【インタビュー】摩天楼オペラ、荘厳なクワイアが織り込まれ、ドラマティックな流れに感涙必至のスペクタクル叙事詩『喝采と激情のグロリア』
栄光を謳った「GLORIA」、そこに到るまでの激情を描いた「Innovational Symphonia」。2012年10月、12月と2枚のシングルをリリースして、“合唱”を核にした一大テーマ“喝采と激情のグロリア”を進めてきた摩天楼オペラが、メジャー2ndアルバム『喝采と激情のグロリア』を発表する。タイトルからも明らかな通り、今テーマの核であり終着地点とも言える本作は、全12曲中8曲に荘厳なクワイアが織り込まれ、ドラマティックな流れに感涙必至の超大作。栄光を掴まんと激情ほとばしらせて葛藤する人間の生き様と、人の一生を超えた大いなる時の流れがそこに描かれ、一つのスペクタクル叙事詩のようにすら映る。これまで摩天楼オペラが培ってきたものすべてを注ぎ込んだ1枚。その制作秘話を、アルバム新曲8曲を中心に語ってもらった。
(ベースの燿はインフルエザのため欠席)
■僕の人生をギュッと凝縮したような作品になりました
■マスタリングまで終えてみて、さらに作品がグッと際立った気がするんです(苑)
――2012年10月に始まったテーマ“喝采と激情のグロリア”の終着地点。となれば、完成してみての達成感もひときわ大きなものだったんじゃありませんか?

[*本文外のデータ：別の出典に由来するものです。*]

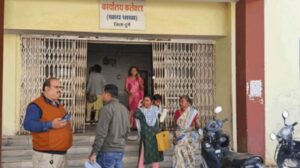 दुर्ग में कलेक्टर का डबल एक्शन: छह कर्मचारी निलंबित, चार राइस मिलों को नोटिस; एडीएम को सौंपी जांच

苑:もう、僕の人生をギュッと凝縮したような作品になりましたね。しかもマスタリングまで終えてみて、さらに作品がグッと際立った気がするんですよ。輝き方が凄い。
彩雨:メジャーデビューしてから、ずっと同じスタジオの同じエンジニアさんと仕事させていただいているので、作品を重ねるにつれて音でのコミュニケーションが濃密になっているんです。そういう意味でも、今まで積み上げてきた時間が作ったアルバムになったと思います。
Anzi:曲間も整えた完成形で、最初から最後まで聴いて思うのは……やっぱり、このアルバムは“アート”だなと。
――まさに! クワイアを交えたSE「-overture-」での幕開けから、栄光の光が差し込むような情景が見えて、私も胸が熱くなる高揚感を覚えました。
彩雨:“喝采と激情のグロリア”を掲げた期間で3回ツアーがあるので、その全部に共通する登場SEが欲しかったんです。それで作ったのがコレなんですけど、僕の中にある喝采=派手、激情=激しさという側面は、より意識して制作しました。あとは、最重要ワードである“GLORIA”を、やはりサビの歌詞に入れたいなと。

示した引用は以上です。